Over the weekend, the Times‘ public editor Clark Hoyt discussed the paper’s staff cutting plans, seeking answers from executive editor Bill Keller. Acknowledging that some have offered a pay wall as a possible solution to the layoff plans, Keller said, “It’s a much tougher, more complicated decision than it seems to all the armchair experts. There is no clear consensus on the right way to go.”
“At stake are millions of dollars from online advertisers who want the largest possible number of readers. Putting up any kind of pay wall has the potential to drive away readers and some of those dollars.”

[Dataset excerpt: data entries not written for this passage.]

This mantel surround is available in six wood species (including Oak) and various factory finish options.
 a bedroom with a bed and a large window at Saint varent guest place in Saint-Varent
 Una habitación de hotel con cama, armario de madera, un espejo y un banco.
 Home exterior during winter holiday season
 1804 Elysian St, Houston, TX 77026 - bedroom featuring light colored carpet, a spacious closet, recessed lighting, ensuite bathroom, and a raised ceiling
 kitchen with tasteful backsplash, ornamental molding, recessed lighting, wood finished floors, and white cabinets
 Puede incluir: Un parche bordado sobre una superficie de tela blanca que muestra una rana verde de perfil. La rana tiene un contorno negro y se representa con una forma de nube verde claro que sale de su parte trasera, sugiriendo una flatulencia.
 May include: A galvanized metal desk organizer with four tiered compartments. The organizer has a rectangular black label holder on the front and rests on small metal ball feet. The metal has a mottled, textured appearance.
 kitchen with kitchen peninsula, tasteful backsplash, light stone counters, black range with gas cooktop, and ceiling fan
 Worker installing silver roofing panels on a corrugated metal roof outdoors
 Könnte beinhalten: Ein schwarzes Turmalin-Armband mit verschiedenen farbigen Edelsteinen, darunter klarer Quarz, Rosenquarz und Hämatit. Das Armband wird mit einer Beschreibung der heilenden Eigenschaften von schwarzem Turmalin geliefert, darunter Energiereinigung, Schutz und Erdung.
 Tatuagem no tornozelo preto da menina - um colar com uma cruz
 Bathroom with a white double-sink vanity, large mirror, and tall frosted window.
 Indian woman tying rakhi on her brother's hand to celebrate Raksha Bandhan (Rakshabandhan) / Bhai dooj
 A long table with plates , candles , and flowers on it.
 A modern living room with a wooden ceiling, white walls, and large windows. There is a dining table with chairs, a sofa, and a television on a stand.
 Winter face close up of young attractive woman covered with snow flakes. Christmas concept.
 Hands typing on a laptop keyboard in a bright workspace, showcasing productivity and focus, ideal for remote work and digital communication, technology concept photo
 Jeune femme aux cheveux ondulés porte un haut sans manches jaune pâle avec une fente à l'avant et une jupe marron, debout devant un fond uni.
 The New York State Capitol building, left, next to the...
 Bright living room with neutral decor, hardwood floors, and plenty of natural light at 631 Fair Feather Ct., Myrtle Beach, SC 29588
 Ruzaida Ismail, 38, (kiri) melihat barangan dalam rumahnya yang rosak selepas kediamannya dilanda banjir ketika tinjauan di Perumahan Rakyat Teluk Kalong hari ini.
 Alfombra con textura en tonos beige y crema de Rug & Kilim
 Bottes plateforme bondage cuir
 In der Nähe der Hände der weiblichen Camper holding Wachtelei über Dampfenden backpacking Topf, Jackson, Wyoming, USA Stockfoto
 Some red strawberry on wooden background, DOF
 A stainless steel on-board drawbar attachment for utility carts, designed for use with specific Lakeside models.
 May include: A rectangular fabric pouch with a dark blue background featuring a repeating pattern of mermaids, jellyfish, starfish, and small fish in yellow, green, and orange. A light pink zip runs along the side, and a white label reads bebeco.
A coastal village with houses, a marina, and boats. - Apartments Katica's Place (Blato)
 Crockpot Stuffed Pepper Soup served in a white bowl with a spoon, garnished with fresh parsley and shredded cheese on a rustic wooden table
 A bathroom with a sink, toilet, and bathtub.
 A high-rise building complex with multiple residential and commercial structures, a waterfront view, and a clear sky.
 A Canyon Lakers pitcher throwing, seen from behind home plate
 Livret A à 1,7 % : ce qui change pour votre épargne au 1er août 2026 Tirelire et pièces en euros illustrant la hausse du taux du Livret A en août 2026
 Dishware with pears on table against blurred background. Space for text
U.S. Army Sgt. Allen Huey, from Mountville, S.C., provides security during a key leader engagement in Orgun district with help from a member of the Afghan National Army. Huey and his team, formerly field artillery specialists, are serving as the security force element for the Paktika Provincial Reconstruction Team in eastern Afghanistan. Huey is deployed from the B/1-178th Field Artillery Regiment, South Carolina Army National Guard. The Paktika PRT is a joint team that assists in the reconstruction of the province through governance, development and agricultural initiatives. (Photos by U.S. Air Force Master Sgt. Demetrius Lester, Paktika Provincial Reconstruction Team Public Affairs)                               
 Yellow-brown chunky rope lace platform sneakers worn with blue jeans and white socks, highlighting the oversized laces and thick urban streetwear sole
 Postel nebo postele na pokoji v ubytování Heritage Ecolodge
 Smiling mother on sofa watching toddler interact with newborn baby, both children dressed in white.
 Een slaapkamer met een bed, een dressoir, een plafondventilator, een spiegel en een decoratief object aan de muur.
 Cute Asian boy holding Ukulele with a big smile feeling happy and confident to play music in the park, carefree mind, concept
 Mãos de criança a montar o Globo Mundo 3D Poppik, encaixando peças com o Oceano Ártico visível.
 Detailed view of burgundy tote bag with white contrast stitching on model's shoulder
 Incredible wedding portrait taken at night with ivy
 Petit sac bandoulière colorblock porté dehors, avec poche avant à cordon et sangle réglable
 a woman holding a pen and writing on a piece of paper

Still, Keller revealed a decision on how the paper will proceed with a pay wall is a few weeks away. Unfortunately, it looks like 100 people will be losing their jobs before a pay model can be unveiled. The realities of the media today is that any income that will come from a paid online content won’t be able to save jobs — at least right away.
According to publisher Arthur Sulzberger Jr., the staff cuts are “meant to address the immediate, short-term realities of our current economic situation,” Hoyt reports, something a pay wall most likely can’t fix. Paid online content will hopefully be more of a long-term solution to filling out the paper’s shrinking revenues.
But after buyouts last year and a five percent pay cut and required furloughs implemented this year, Keller told Hoyt he was trying hard to avoid staff cuts this year. But “under the contract with the Newspaper Guild, the newsroom union, members leaving the company after Jan. 1 would have been entitled to a full year’s vacation pay,” Hoyt explained. With that extra pay, 10 more staffers would have had to lose their jobs if the cuts had happened in 2010.
So in the event that 100 staffers don’t accept the voluntary buyouts offered by the Times, where will cuts come? Hoyt asked Keller to explain:
“He said editors are studying the flow of news copy to see if some editing slots can be eliminated, and they will look at the 70 blogs on the paper’s Web site to see if any are not justifying themselves. More radical moves, like dropping the sports section, have been rejected because they would undermine the quality of The Times or would not save much money, Keller said.
The Times has already made the easier decisions — reducing the support staff, cutting freelance budgets, capping expense-account meals, seeking bargain airfares and hotels, rotating foreign correspondents every five years instead of four, and housing some bureaus in correspondents’ homes rather than downtown offices. The nice car and driver for the London bureau chief? History.”
But readers are worried that these layoffs and money saving cuts will affect the quality of the Times‘s coverage. So we ask you, if the Times is going to cut some of its 70 blogs, which ones should it keep and which should it ditch?